== Excerpted data ==
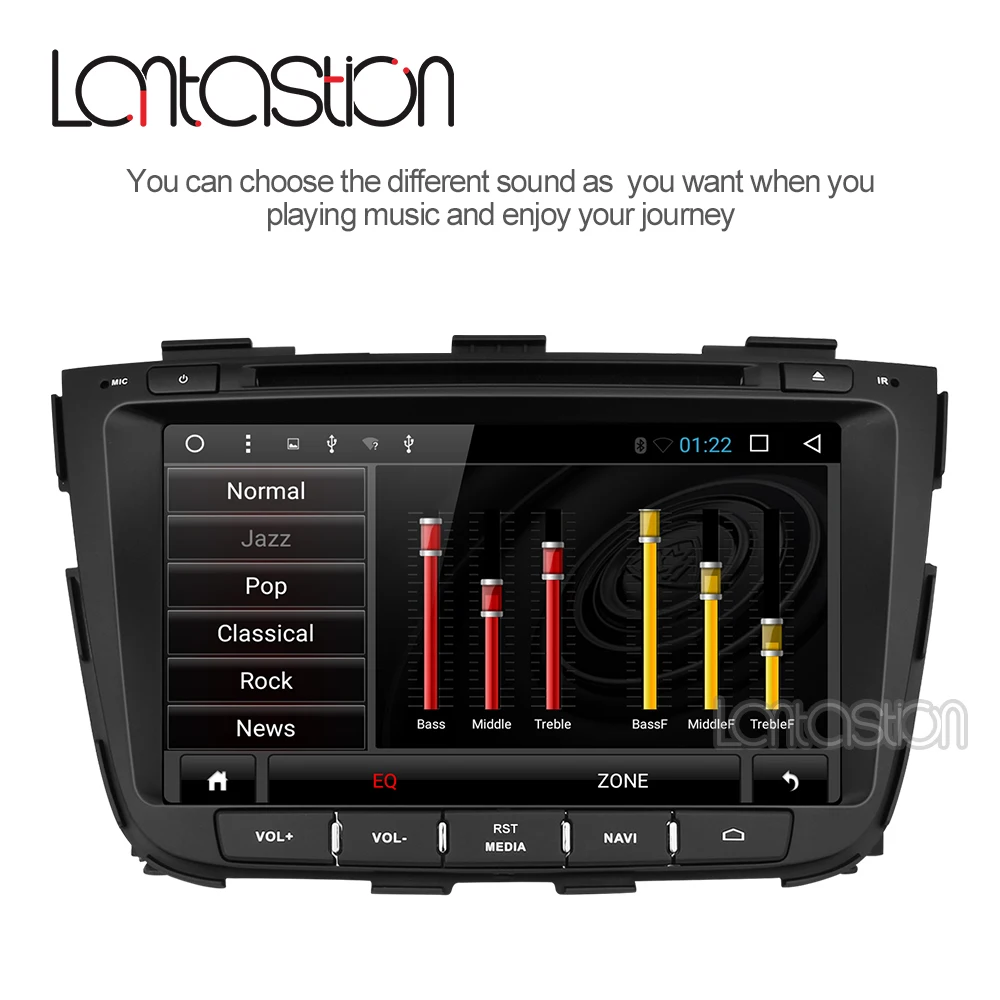 Android 8 1 Автомобильный gps для kia Sorento 2013 2014 dvd плеер 2 din стереоплеер Navigation | Автомобили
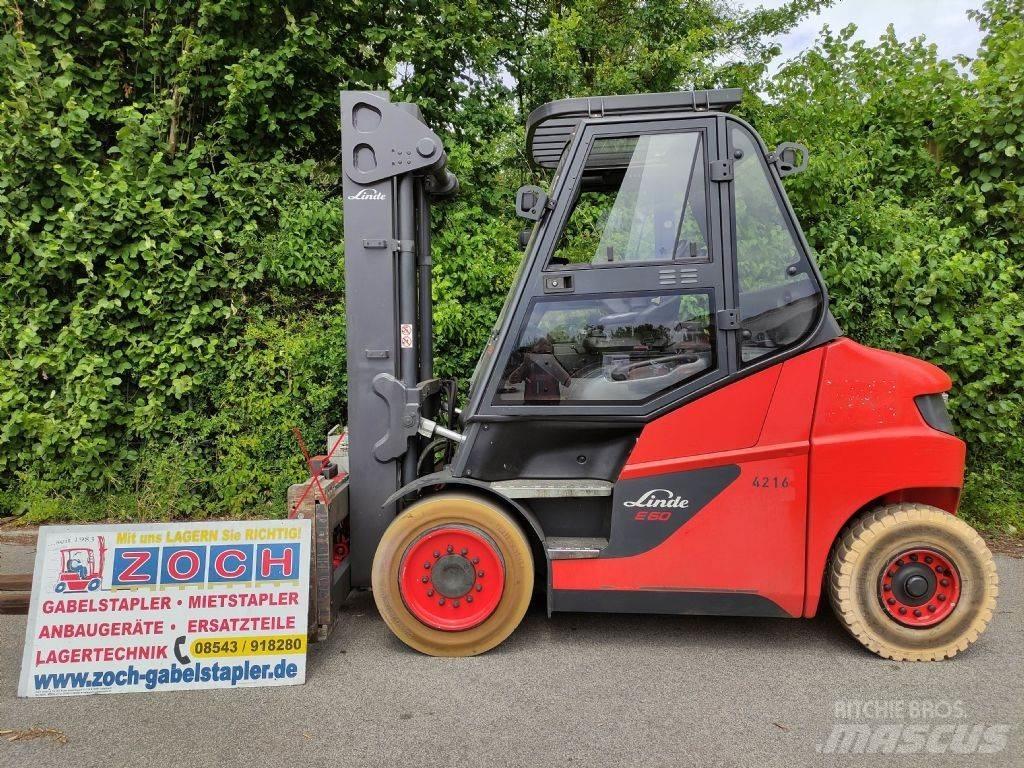 Linde E60-01-127 Električni viljuškari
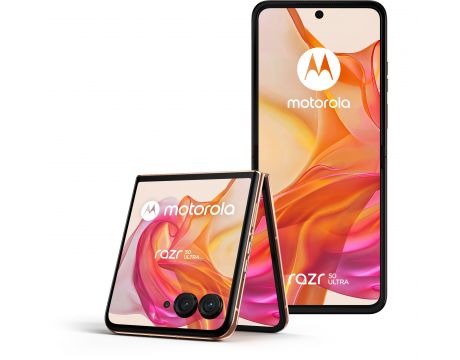 Motorola Razr 50 Ultra, 12GB, 512GB, Peach Fuzz на супер цени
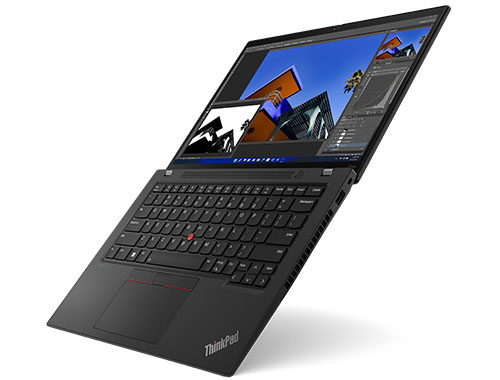 联想ThinkPad P14s Gen4 2023款 移动工作站（英特尔酷睿 i7-1360P，12核丨板载16GB DDR5 内存丨1TB M.2 固态硬盘丨NVIDIA A500 4GB显卡丨2.2K IPS高清屏）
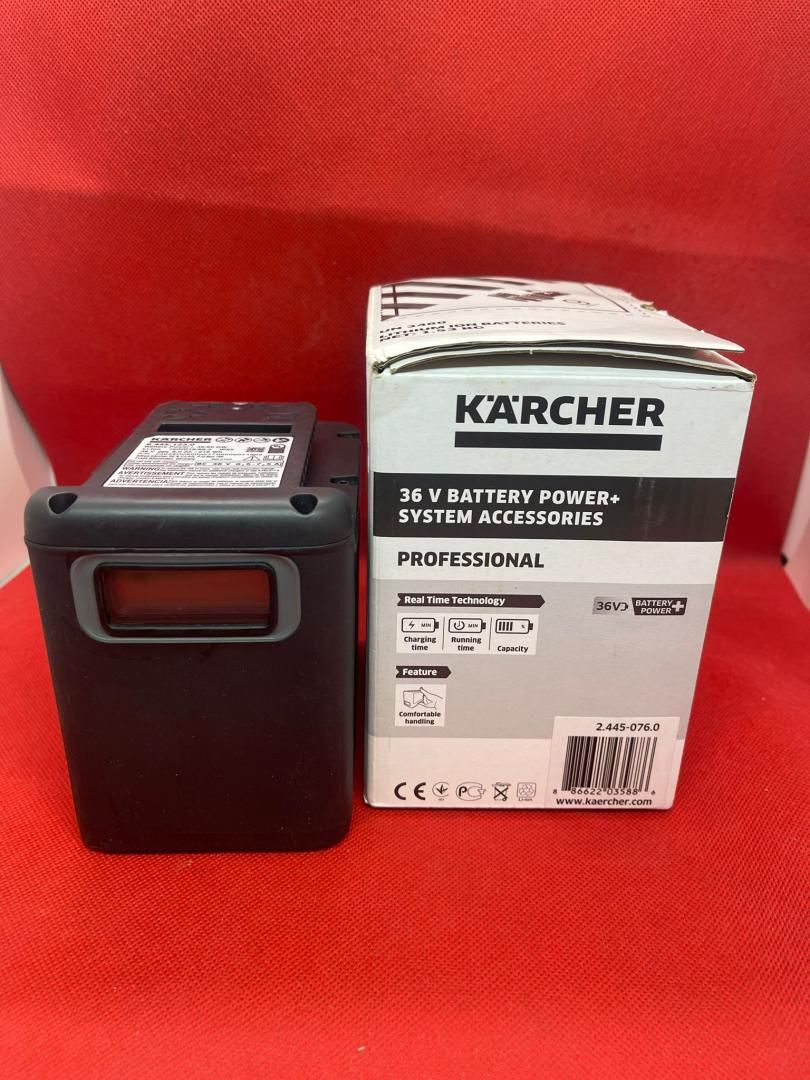 Acumulator Karcher Battery Power Plus 36V/6Ah 2.445-076.0 -A-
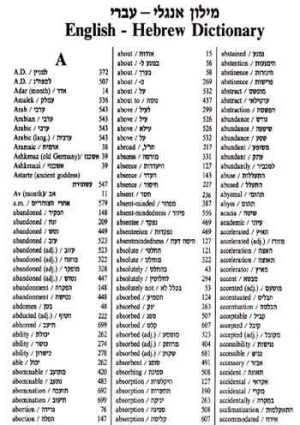 Rav Milon - Multi Dictionary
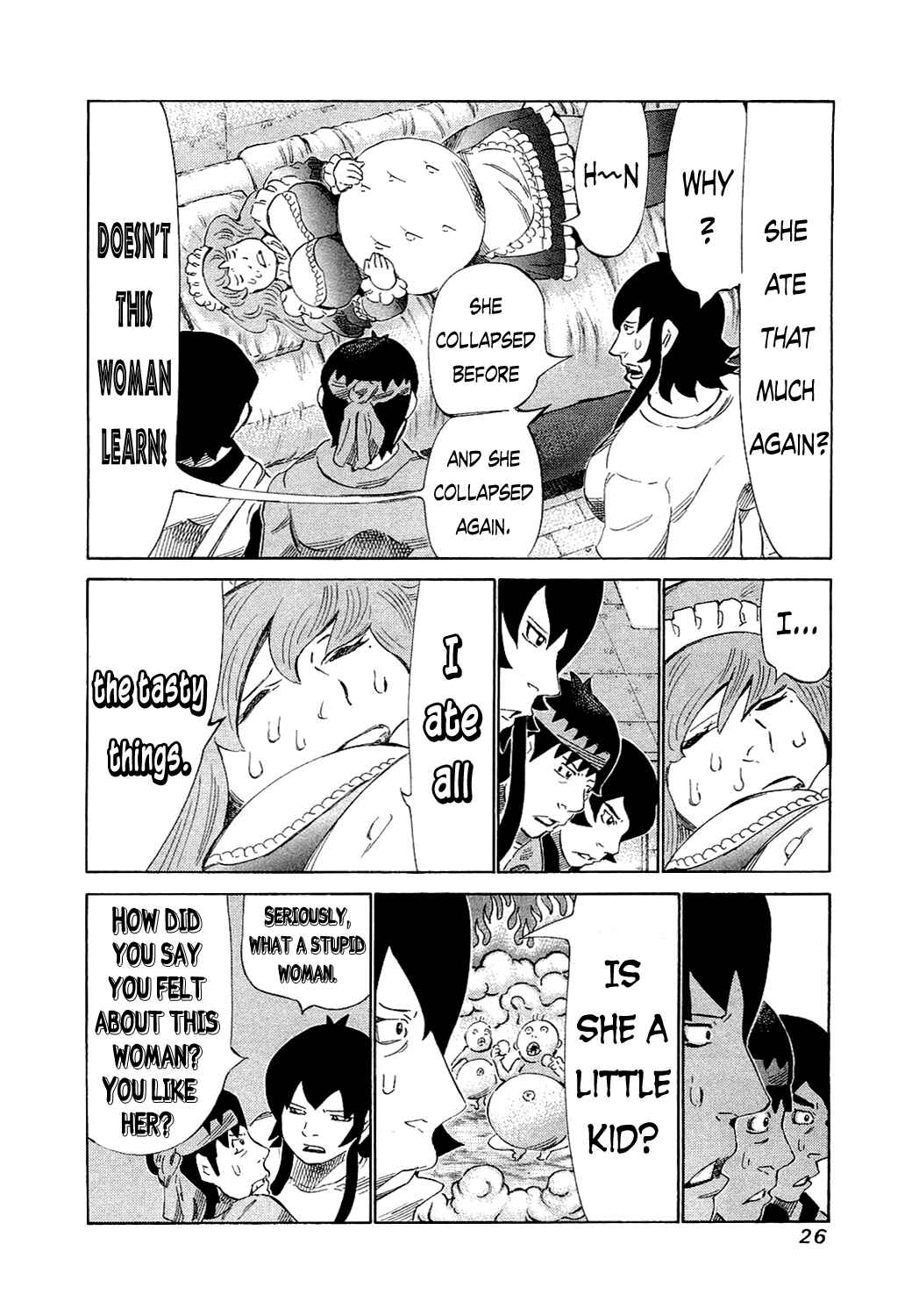 Page 4 Chapter 149 81diver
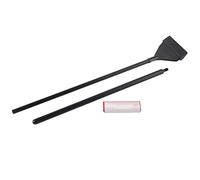 Smandy Raspador de Algas Limpiador Cepillo de Afeitar Mango de Limpieza de Algas de Limpieza de raspador Ajustable con 10 Cuchillas para acuarios Tanques de Vidrio para Plantas de Peces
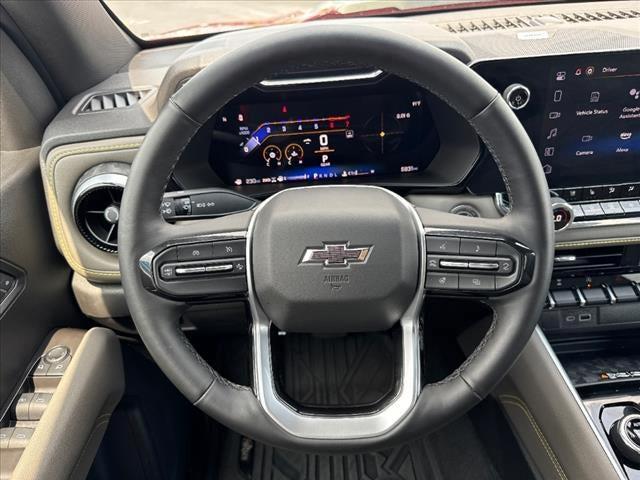 used 2025 Chevrolet Colorado car, priced at $54,872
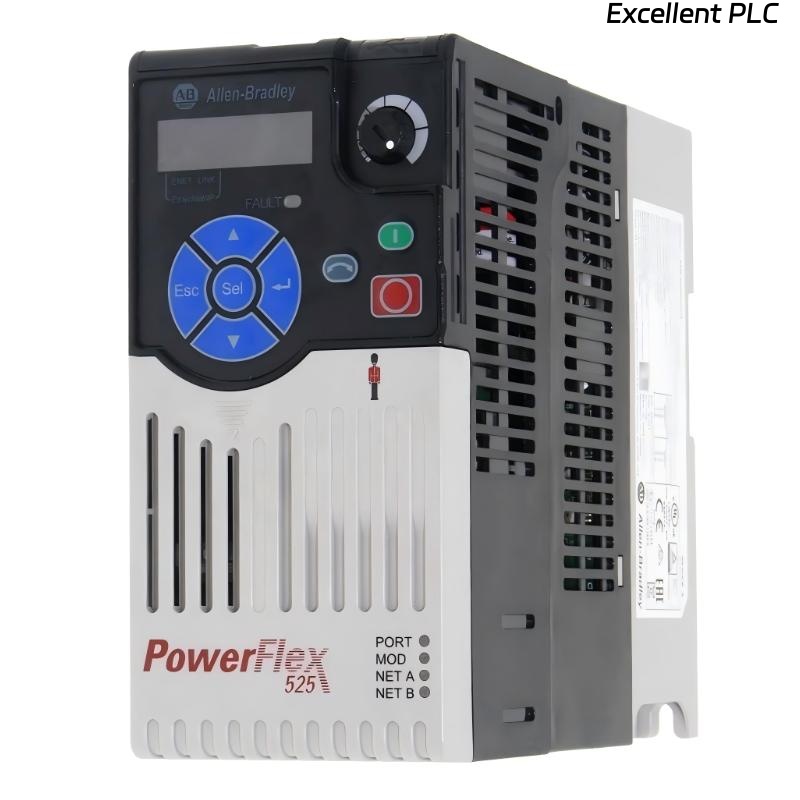 Allen Bradley 25B-D2P3N104 PowerFlex 525 AC Drive
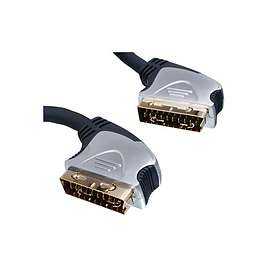 HQ Super Silver Scart - Scart 5m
===
▸ **Goal of the exercise**
Write the entries out again exactly as they appear, with the pictures omitted.

▸ **Result of the task**
 Android 8 1 Автомобильный gps для kia Sorento 2013 2014 dvd плеер 2 din стереоплеер Navigation | Автомобили
 Linde E60-01-127 Električni viljuškari
 Motorola Razr 50 Ultra, 12GB, 512GB, Peach Fuzz на супер цени
 联想ThinkPad P14s Gen4 2023款 移动工作站（英特尔酷睿 i7-1360P，12核丨板载16GB DDR5 内存丨1TB M.2 固态硬盘丨NVIDIA A500 4GB显卡丨2.2K IPS高清屏）
 Acumulator Karcher Battery Power Plus 36V/6Ah 2.445-076.0 -A-
 Rav Milon - Multi Dictionary
 Page 4 Chapter 149 81diver
 Smandy Raspador de Algas Limpiador Cepillo de Afeitar Mango de Limpieza de Algas de Limpieza de raspador Ajustable con 10 Cuchillas para acuarios Tanques de Vidrio para Plantas de Peces
 used 2025 Chevrolet Colorado car, priced at $54,872
 Allen Bradley 25B-D2P3N104 PowerFlex 525 AC Drive
 HQ Super Silver Scart - Scart 5m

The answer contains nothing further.